きたはら邦画

午前0時の旧作日本映画案内

斎藤明美 編『高峰秀子 夫婦の流儀』

 

結婚当時、収入格差のあった高峰秀子松山善三。なぜ「絶対にうまくいかないだろう」と思われていた二人は、うまくいったのか。

写真を交えて紹介するヴィジュアル入門書、こと新潮社のとんぼの本のシリーズで、高峰秀子ものは数冊出ている。

こちらは「夫婦」についての一冊。お二人のエッセイや養女の斎藤明美さんの解説を交えながら、この稀有の夫婦はいかなるものだったのか、が語られている。

おなじみ「土方やってでも養って行きます」発言など、エッセイではおなじみのエピソードが並ぶ。

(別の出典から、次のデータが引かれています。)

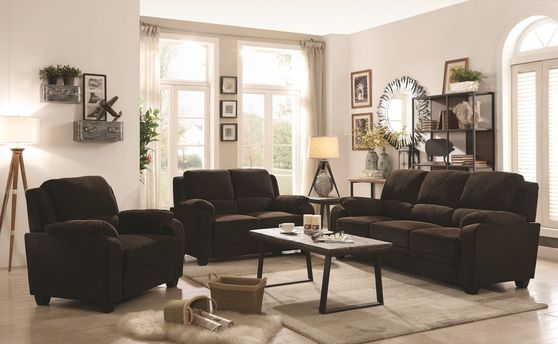 Chocolate chevron fabric comfy living room set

二人で写っている写真も、なんとも幸福な匂いがしてくるいいものばかりだ。

夫婦とは逸れるのだけれど、松山さんのエッセイで、こんなことが書いてあった。

 

「生理感覚的にいえば、僕の持ってる脈搏と相手の持ってる脈搏が非常にピタッと合うと、お互いに好き合うことになるわけで、芝居でも映画でもそうですが、僕の書いた脚本に合った演技をしてくれる人は、僕にとっては演技のじょうずな人、ということになるんです。」

(「結婚十七年目似た者夫婦になってきました」より)

 

高峰さんは松山さんのシナリオを口述筆記をしていた。ときどき「このせりふはしゃべりにくい」なんて高峰さんは言っていたそうだ。松山さんは納得すれば書き直す。

この文を読んだとき、宮藤官九郎さんのエッセイであったか発言であったかを思い出した。工藤さん曰く、脚本に「ニャー!」と書いたら全力で「ニャー!」と言ってくれるのがいい俳優。長瀬智也はやってくれる。というようなことを言っていた。

ちょっと違うかもしれないが(すみません)、脚本をきちんと読めて、それをそのまま表現できる俳優。かたくるしいことや頭でっかちなことをしない演技は清々しい。

高峰さんは演技に関してかなり熟考していた。だが、独りよがりなことはしなかったのだと思う。